When the Ordinary Becomes Luxury
Food prices are rising, “everyday” ingredients are becoming precious, and a bottle of vinegar can suddenly feel like a time machine.
What does a feast mean to you?
Maybe it’s a table covered in dishes you only eat once a year. Maybe it’s a special meal out — expensive, celebratory, photogenic. Maybe it’s simply one perfect thing you can only get in one particular place, and nowhere else tastes the same.
Now flip that thought.
What about the foods you eat every day — the ingredients so familiar they barely register? The rice you scoop without thinking. The fish you associate with a season. The condiments you keep buying out of habit, because they’re always been there.

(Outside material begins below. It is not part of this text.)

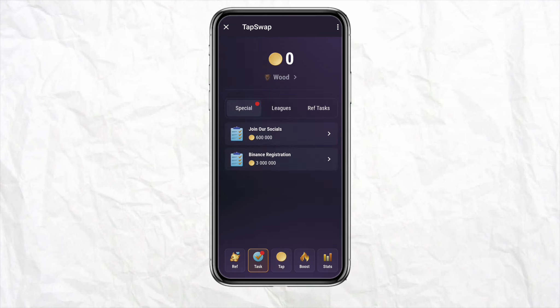Click on 'Join Socials' and from there simply connect your Solflare wallet to your Tapswap. That's how you do it — that's how you will be able to connect your Tapswap to your Solflare wallet.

What if, one day, those quiet, ordinary ingredients become luxury items?
This isn’t a far-off dystopian thought experiment. It’s already happening. Food prices are rising across the world, and Japan is no exception. In recent years, ingredient costs have climbed dramatically, and in some cases nearly doubled. Staples are shifting categories — from “normal” to “special,” from “everyday” to “only sometimes.”
Take rice, the backbone of Japanese cuisine. For generations, it has been the dependable constant — the thing you build meals around. But rice has become significantly more expensive compared to just a few years ago. The numbers vary by region and season, but the direction is the same: upward.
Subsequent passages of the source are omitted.